2004年2月24日(火)「しんぶん赤旗」
新日本婦人の会(新婦人)は二十三日、配偶者からの暴力(DV=ドメスティック・バイオレンス)防止法の改正案(骨子)にたいする要望を発表し、参院共生社会調査会プロジェクトチームのメンバーに送りました。 新婦人は昨年十月三十日から十二月二十日まで、「新婦人しんぶん」紙上でDV法改正にたいするアンケートを実施し、被害者二十四人を含めた三十三人から切実な声や意見が寄せられました。
寄せられた声は、▽(夫から)職場へいやがらせのFAXが送られてくる。携帯におどしの声が入る。家を出るときは暴力を振るわれたが、病院にはいかなかった。…離婚裁判に入る。その費用も多額でつらいものがある。…警察も前もって相談したにもかかわらず、…二カ月たらいまわしされ、そのデリカシーのなさに涙が出た。
▽周囲の人間には、「夫の扱いが下手なのよ」とか、「負けて勝ちをとる技がないからよ」と言われました。同じ苦しみを味わった人間にしかわかってもらえず、自分が悪かったのだと長い間、思っていました。
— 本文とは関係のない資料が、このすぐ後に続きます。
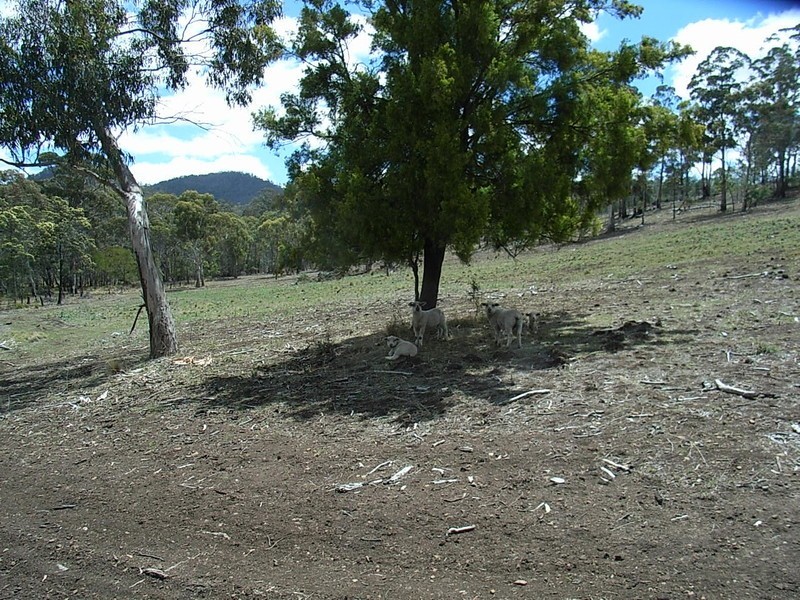 Lot 1 Thornton Drive, Orielton TAS 7172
▽私の友人は、三十四歳のとき自殺しました。子どもを持てないことの負い目、夫の言葉の暴力に苦しみ、うつ病を克服できず、二度目の自殺で命を落としました。法律や行政の支援に加え、女性の多様な生き方(子どもをもたないこと)を理解し、女性は自立して生きる、生きやすい場に社会がなってほしい。
これらの声や国連女性差別撤廃委員会(CEDAW)からの日本政府に出された「最終コメント」(二〇〇三年七月)を踏まえて、(1)暴力の定義を身体的、精神的、経済的、性的暴力にも拡大(2)DV法の対象に恋人や元恋人、同居人を加える(3)接近禁止命令の対象を親、兄弟、姉妹、友人にも広げる(4)退去命令の期間を一年ほどに拡大(5)被害者の自立支援で、財源をともなう国や地方自治体の支援強化(6)加害者処罰や真の更生につながるプログラムと教育。学校教育に人権教育、社会的な啓もうを本格的に組みいれる―を要望しました。